1.4 Apache Atlas relies on HDP components

  1. HBase: Titan uses HBase to store metadata by default
  2. Ambari infra/Solr: Titan uses Solr to store metadata indexes by default
  3. Kafka: Apache Atlas uses Kafka as a message queue to implement the communication between hooks and consumers of metadata notification events

 

1.5 Type system

The overall process of metadata processing is shown in the figure below:

     When querying a certain metadata object in Atlas, it is often necessary to traverse multiple vertices and edges in the graph database. Compared with a relational database, directly querying a row of data is much more complicated. Of course, using a graph database as the underlying storage also has its advantages. For example, it can support complex data types and better support the reading and writing of blood data.

1.6 Type system

Atlas allows users to define a model for the metadata objects they want to manage. The model consists of definitions called "types." Instances of "types" called "entities" represent the actual metadata objects being managed. All metadata objects managed by Atlas (such as Hive tables) are modeled using types and represented as entities.

- Type : Atlas "Type" defines how to store and access specific types of metadata objects . The type represents one or more attribute collections of the defined metadata object. Users with a development background can understand "type" as defined by the "class" of an object-oriented programming language or the "table mode" of a relational database. Type has a meta type, which represents the type of this model in Atlas:

           -Basic element types: Int, String, Boolean, etc.

           -Collection meta type: such as Array, Map

          - Class,Struct,Trait

 -  Entities : the Atlas of  "entity" class "type", or examples of particular values , and therefore represents a real-world objects specific metadata. Looking back at our object-oriented programming language analogy, an "instance" is an "object" of a "class".

- the Attributes : more concepts related to the type of system in Atlas attribute some property, which defines, including:

     -isComposite-whether to composite

     -isIndexable-whether to index

     -isUnique-is it unique

     -multiplicity-indicates whether this attribute is (required/optional/ or can be multi-valued)
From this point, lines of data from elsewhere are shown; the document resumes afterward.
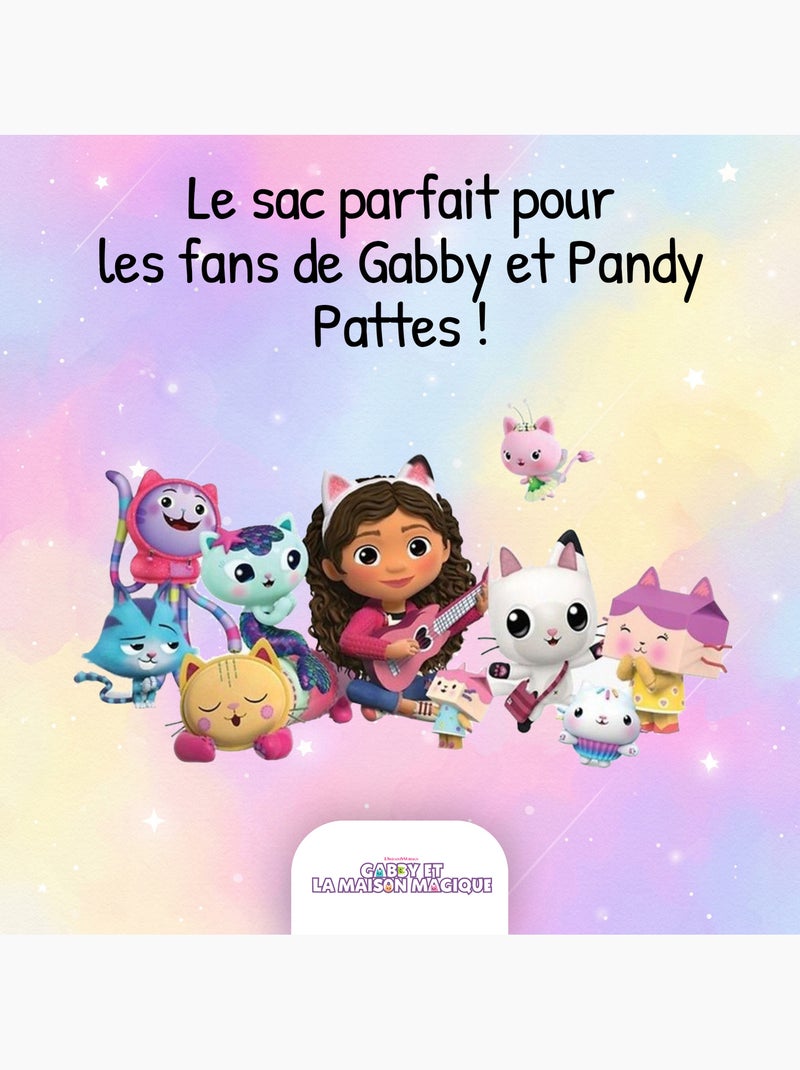 Sac à dos goûter maternelle fille Gabby et la Maison Magique 24 cm rose 1 compartiment Multicolore - Kiabi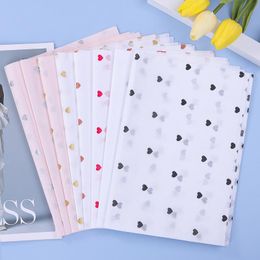 Gift Wrap 28Pcs/bag 50x70cm Little Peach Heart Sydney Paper Flower Bouquet Wrapping Wedding Birthday Party Packaging Materials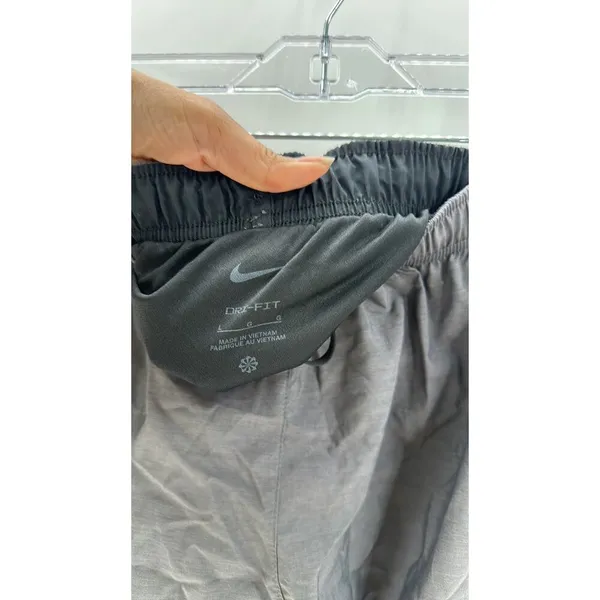 Nike Dri Fit back gray running shorts athletic performance size L - Image 5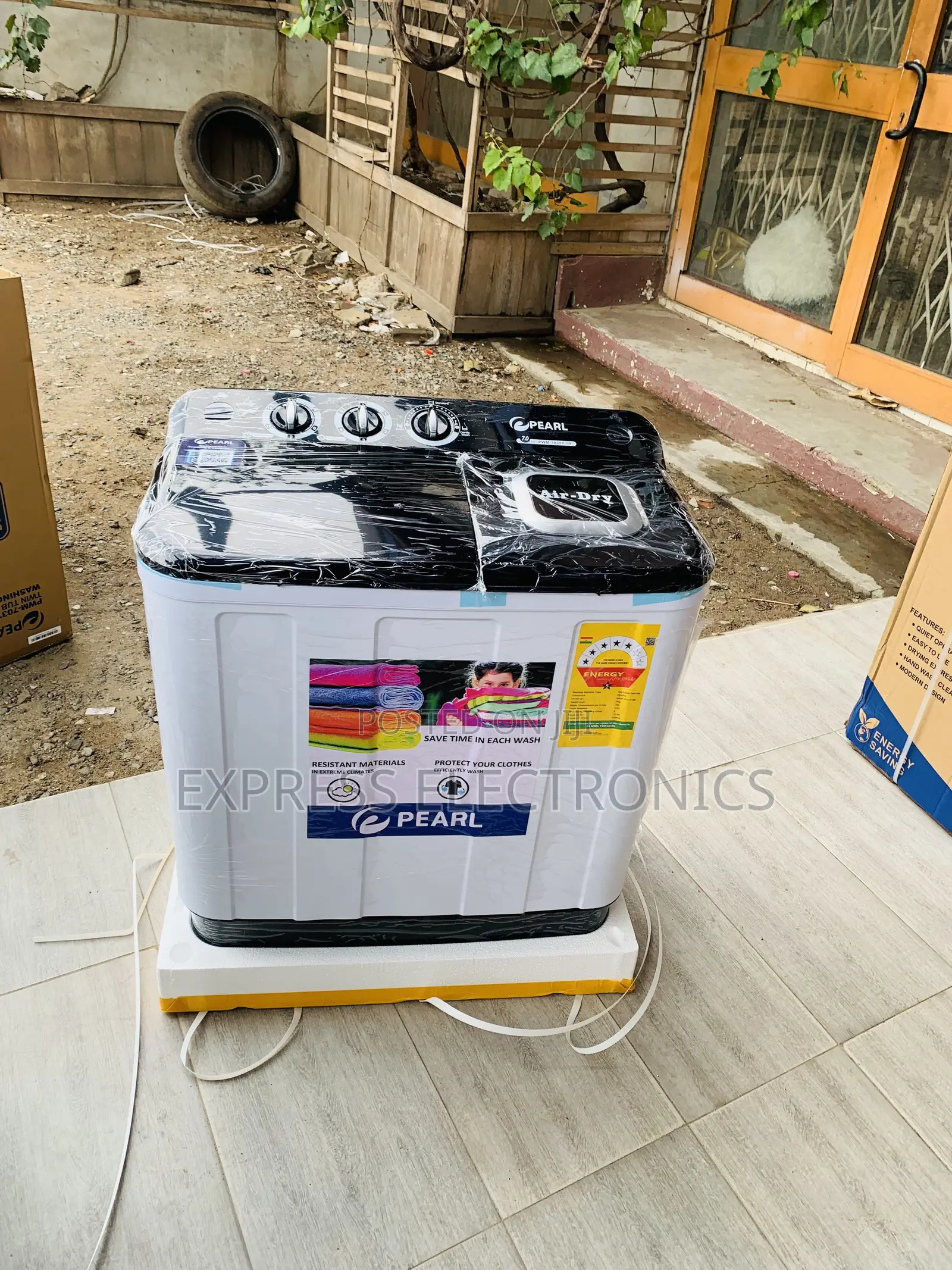 Place Your Orde Pearl 7kg Twin Tub Semi Auto Washing Machine PWM-70TT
Atlas provides some predefined system types:

- Referenceable : This type represents all entities may use a unique property called the search qualifiedName

-Asset: This type contains attributes such as name, description and owner

- Infrastructure : This type Referenceable and Asset extends, generally in infrastructure metadata object (such as a cluster, host, etc.) common supertype

- the DataSet : This type extends the Referenceable and Asset. Conceptually, it can be used to represent the type of stored data. In Atlas, hive tables, Sqoop RDBMS tables, etc. are all types extended from DataSet. The types of the extended DataSet can expect to have schemas, and they will have properties that define the properties of the data set. For example, the columns attribute in hive_table. In addition, entities that extend the entity type of the DataSet participate in data conversion, and this conversion can be used by Atlas to generate graphics through lineage (or provenance).
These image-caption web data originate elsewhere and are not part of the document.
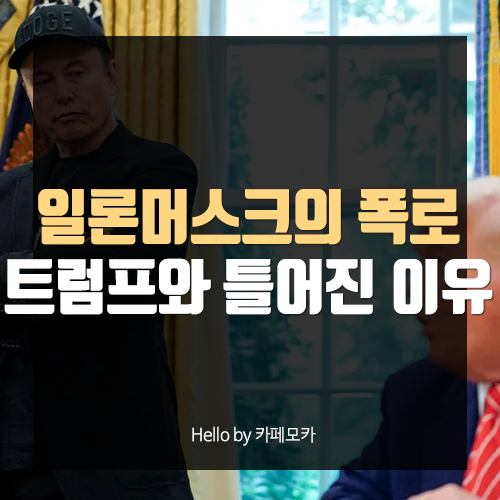 <b>트럼프 머스크 갈등</b> 이유 테슬라 주가 비트코인 하락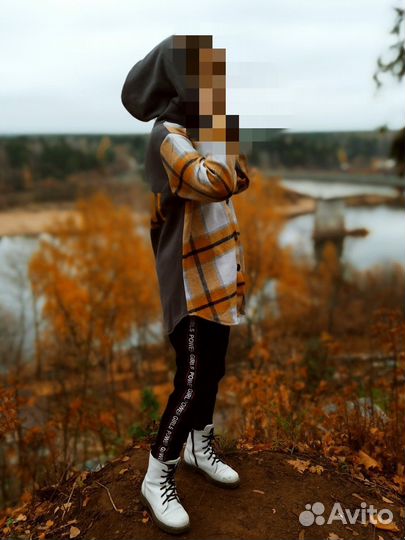 Рубашка утепленная для девочки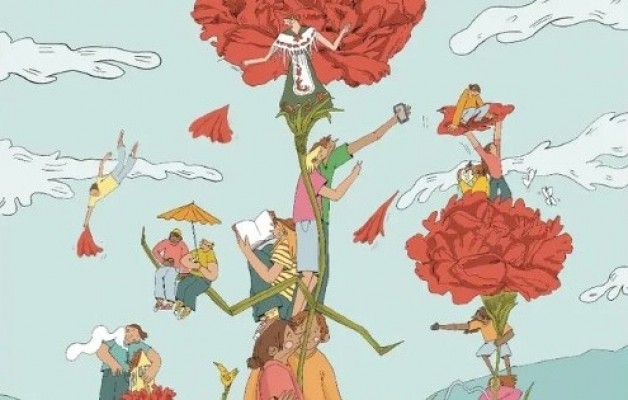 María Pelluz llena de claveles su portada de 'The Murcianer': 
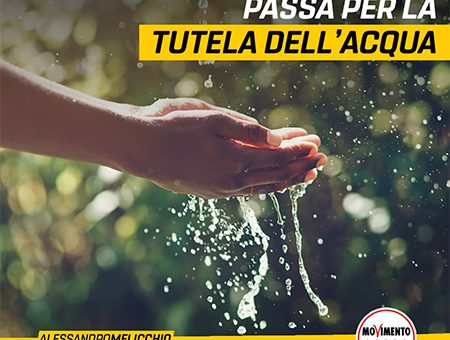 LA TRANSIZIONE ECOLOGICA PASSA PER LA TUTELA DELL’ACQUA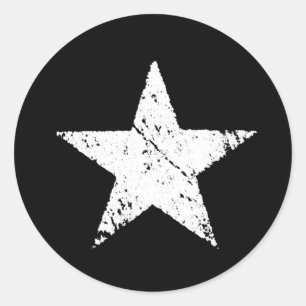 Adesivo Redondo símbolo antigo do exército de estrelas de tinta ar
- Process : This type extends the Referenceable and Asset. Conceptually, it can be used to represent any data transformation operation. For example, the ETL process of converting a hive table of original data into another hive table that stores a certain aggregate can be a specific type of extended process type. The process type has two specific attributes, input and output.

The Hive table is an example of a type defined by Atlas natively. The Hive table is defined to have the following properties:

Name:         hive_table
TypeCategory: Entity
SuperTypes:   DataSet
Attributes:    
	name:              string    
	db:                 hive_db    
	owner:             string    
	createTime:       date    
	lastAccessTime:   date    
	comment:           string    
	retention:         int    
	sd:                 hive_storagedesc    
	partitionKeys:    array<hive_column>    
	aliases:           array<string>    
	columns:           array<hive_column>    
	parameters:        map<string>    
	viewOriginalText: string    
	viewExpandedText: string    
	tableType:         string    
	temporary:         boolean

Second, Atlas metadata blood relationship

2.1 atlas configuration file

1. Atlas database

        Atlas data information is saved in the HBase database of ATLAS_ENTITY_AUDIT_EVENTS created by default.

2.Grapth Titan

       Atlas saves Graph metadata information in atlas_janus of HBase, and uses solr to implement information indexing.
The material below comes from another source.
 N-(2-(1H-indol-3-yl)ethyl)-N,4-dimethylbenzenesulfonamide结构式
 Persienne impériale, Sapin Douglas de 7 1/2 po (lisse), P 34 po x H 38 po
3.hive-site.xml configuration file

      When the Atlas service is checked, Ambari will automatically create a configuration when it is installed, and add a hook function to the hive configuration file.

4.hbase-site.xml configuration file

2.2 hive_db Type example

1. Create a database in hive

Create the atlas_test database in the hive database, and the metadata from the hive hook is synchronized to Atlas. In the hive_db Type, we can see the database information.

2. Create three tables in the atlas_test database

3. atlas_test Type metadata information

(1)Properties

(2)Relationships

(3) Descriptions after Classifications

(4)Audits 

(5)Tables

4. Information of the teacher table in atlas_test

(1)properties

(2)Lineage

(3)Relationships

(4)Classifications

5Audits

(6)Schema

2.3 Classification spread

Classification propagation enables classifications associated with an entity to be automatically associated with other related entities of that entity. This is very useful when dealing with scenarios where data sets get data from other data sets, for example, tables loaded with data in files, reports generated from tables/views, etc.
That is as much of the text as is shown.